Lá no Educandos íamos visitar a vovó. Eu gostava de ver uns moleques malucos que saltavam do alto da ponte naquela água preta que cheirava a pau-rosa. O rio dava medo só de olhar, mas era limpo e tinha muitas praias no verão. Já quase adolescente ficava imaginando como devia ser legal morar no Palácio Rio Negro, cercado na lateral e nos fundos por um lindo igarapé que abrigava muitas marrecas e jaçanãs.
É quando me lembro de tudo isso que me sinto um estrangeiro, morando na minha cidade. As memórias queridas da infância não se apagaram, mas a paisagem de hoje é outra. Graças a Deus estou criando meus filhos no que ainda resta de florestas e água corrente limpa na minha cidade. Quero dar a eles motivos para pelo menos lembrarem de uma Manaus que em pleno século 21 tinha uma floresta e um igarapé vivos.

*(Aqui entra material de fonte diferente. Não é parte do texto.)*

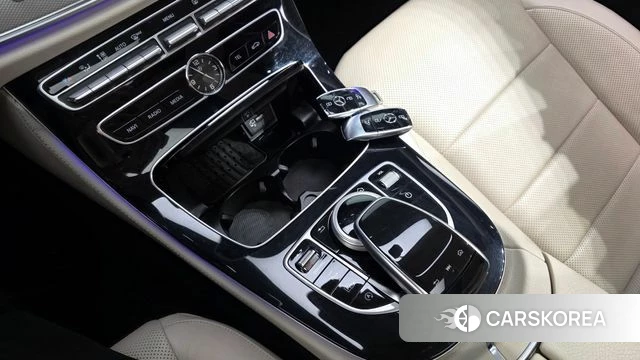 Mercedes-Benz E-Class W213 id 4520654 из Кореи 10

Agradeço ao meu querido e fragilizado Tarumã por esta oportunidade. Agradeço a Deus por não permitir qua a brutalidade e o descaso manauara acabasse “Prosaminzando” o último igarapé limpo e vivo da Cidade. Viva o Igarapé Água Branca! Viva suas florestas de entorno!, Viva suas flores, animais e pássaros!
O mínimo que posso fazer é cuidar de ti. Enfrentar quem te agredir e contar tua estória de vida ou morte, mesmo que para isso, tenha que ser tratado como um estrangeiro metido em assuntos da realeza burguesa e burra que não valoriza a natureza e te ameaça com aeroportos, bregas, condomínios,estradas, loteamentos e muita truculência.
Eu me sinto um estrangeiro passageiro de algum trem
que não passa por aqui, não… (Engenheiros do Havai – que também poderiam ser daqui).
3 comentários:
Parabéns Jo, este texto é fantástico deve ser falado em grandes reuniones sobre meio ambiente essas questioes todas que nos batalhamos tanto para vivermos um mundo melhor.
Merece ser transformado numa peça de teatro.
Luiz Vitalli
Obrigado!Um elogio destes vindo de uma referência em teatro como voce, só nos fortalece e reforça nossa vontade de continuar lutando pelo esquecido Tarumã. Só depende de voce. Podemos inciar uma conversa sobre a possibilidade de transformarmos em peça a luta do nosso igarapé pela sobrevivência.
Poxa vida seriaumabeleza se uma peça de teatro fosse criada para reforçar a luta peloigarapé.